New market entrants: challenging the paradigm

In major markets around the United States, hotel performance is suffering due to a phenomenon that is forever a part of our world: the addition of new supply to our competitive sets.  There is nothing alarming about this fact; as markets grow, demand AND supply grows, and this creates a cycle that is largely healthy for us all.  Every so often, however, these cycles cause us to falter in terms of performance, and we must stop to wonder why.

 By way of specific example, I draw your attention to a particular market that today is running highly respectable occupancy of nearly 80% which is basically flat to last year.  At the same time, this market is running average daily rate figures that vary anywhere from 10% to 25% lower than the same period of last year.  As a result, RevPAR and Revenue are down, and ultimately owner profit is down.  Why is it that a high-demand market can be experiencing such a decline in price?  Is it not a fundamental of pricing that as demand grows or at least stays strong, so too should price remain constant?

 The variable here, the basic reason for strong, growing occupancies along with significantly declining rates is, in a word, us.  We as hotel operators and owners are notorious for responding to the arrival of new competition by lowering our prices.  In the classic “race to the bottom,” we greet newcomers to our comp sets with the very generous notion of lowering our rates out of fear that if we don’t do so, these new competitors will simply steal all of our business.  This is a good news/bad news situation; the bad news is obvious, as rates and RevPAR decline.  The good news may be less clear, but lies in the fact that we as hotel owners and operators have complete control over reversing this negative trend.

 New competition is a reality, and is often good for a market in the long-term.  How we handle the absorption of such new competition is the challenge, and the opportunity for each of us.  Behaviorally, we understand that customers will try new products.  In the hotel space, this means that new properties that appear to be bona fide competitors will (at least temporarily) steal market share from us when they open, as guests “test drive” the latest new product.  While we really can’t control this, we absolutely can influence how that guest behaves after they have tried the new guy.  For some customers, price will always be the primary factor when choosing a hotel.  As a result, if the new guy opens with introductory rates or special offers that are below current market standard, some customers will move in that direction regardless of anything that we might do.  However, many of our customers are influenced by more than just price, i.e. location, amenities, loyalty program, and, yes, SERVICE.  For many customers who try the new competition simply because it is new, our continued commitment to service etc., should play a strong role in their decision to return to us for future stays.  This is particularly true when you consider that newer hotels often still have to work out the kinks when it comes to delivering service; in this case, our existing hotels have a clear advantage.

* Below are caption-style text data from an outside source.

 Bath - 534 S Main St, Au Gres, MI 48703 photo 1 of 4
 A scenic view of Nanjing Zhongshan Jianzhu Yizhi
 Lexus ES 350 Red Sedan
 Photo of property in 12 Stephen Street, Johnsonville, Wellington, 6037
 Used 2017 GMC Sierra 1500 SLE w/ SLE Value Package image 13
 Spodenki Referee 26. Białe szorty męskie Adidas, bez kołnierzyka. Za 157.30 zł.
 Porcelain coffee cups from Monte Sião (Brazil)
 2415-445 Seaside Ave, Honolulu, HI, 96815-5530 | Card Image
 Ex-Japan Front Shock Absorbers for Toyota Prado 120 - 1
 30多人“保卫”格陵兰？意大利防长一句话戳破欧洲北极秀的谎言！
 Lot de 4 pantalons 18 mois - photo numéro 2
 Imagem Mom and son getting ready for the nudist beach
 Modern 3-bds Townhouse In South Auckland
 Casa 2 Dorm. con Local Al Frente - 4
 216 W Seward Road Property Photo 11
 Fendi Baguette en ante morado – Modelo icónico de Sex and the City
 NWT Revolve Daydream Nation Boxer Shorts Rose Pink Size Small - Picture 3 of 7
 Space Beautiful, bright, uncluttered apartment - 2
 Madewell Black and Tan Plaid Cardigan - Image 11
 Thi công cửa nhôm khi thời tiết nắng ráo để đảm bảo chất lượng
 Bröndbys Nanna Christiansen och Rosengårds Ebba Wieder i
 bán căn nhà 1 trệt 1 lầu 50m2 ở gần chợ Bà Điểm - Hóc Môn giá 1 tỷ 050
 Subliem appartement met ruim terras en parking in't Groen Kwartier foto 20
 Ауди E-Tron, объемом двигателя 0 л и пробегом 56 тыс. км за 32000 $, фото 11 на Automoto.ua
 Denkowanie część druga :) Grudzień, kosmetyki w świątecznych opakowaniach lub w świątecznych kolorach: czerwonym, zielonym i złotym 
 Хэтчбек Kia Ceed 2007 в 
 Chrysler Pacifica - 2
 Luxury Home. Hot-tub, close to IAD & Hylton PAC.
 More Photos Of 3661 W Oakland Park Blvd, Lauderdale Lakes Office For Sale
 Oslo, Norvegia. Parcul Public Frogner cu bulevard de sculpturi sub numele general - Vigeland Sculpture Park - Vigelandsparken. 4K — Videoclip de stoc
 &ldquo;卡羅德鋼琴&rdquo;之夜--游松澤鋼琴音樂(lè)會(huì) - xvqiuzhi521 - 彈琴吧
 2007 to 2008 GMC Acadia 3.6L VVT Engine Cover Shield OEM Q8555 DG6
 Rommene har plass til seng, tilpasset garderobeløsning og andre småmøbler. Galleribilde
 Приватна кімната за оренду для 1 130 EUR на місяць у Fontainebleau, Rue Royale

 Knowing all of this, why is it that we choose to lower our prices when these new competitors open their doors?  From an outsider’s perspective, our actions would seem to suggest that we have no confidence in our location, in our amenities, in our loyalty program, or in our SERVICE.  As a result, we determine that the only way that we can compete with the new kid in town is by lowering our price to get closer to their “introductory offers.”

 We, the hotel owners and operators of the world, have to make this stop.  We work hard to train our salespeople that we must sell from a position of value, and then we turn around in cases like these and sell from a position of price.  It’s fundamentally incorrect, and we all know this!  When Mercedes introduces a new model, BMW does not lower their prices; why do we?

 As always, the devil is in the detail.  A comprehensive strategy to support our position within our marketplaces is crucial, it is not simply a question of holding the line on price.  However, in order to develop such a strategy, we must first believe in ourselves. We must believe that we can successfully survive the onset of new competition by holding true to the principles and strategies that have made us successful in the first place—first, a refusal to waiver or cave to   new entrants and their special offer price cutting strategies; second, revisiting our core competencies on the property level to ensure maximum quality and value for the guest, etc.  Adherence to these basics can reaffirm our customers’ commitment to us, despite the temptation of lower priced new market entrants.

 After all, if we can’t believe in our ability to deliver on our brand promises and commitment to service, etc, how can we expect our customer to believe in us?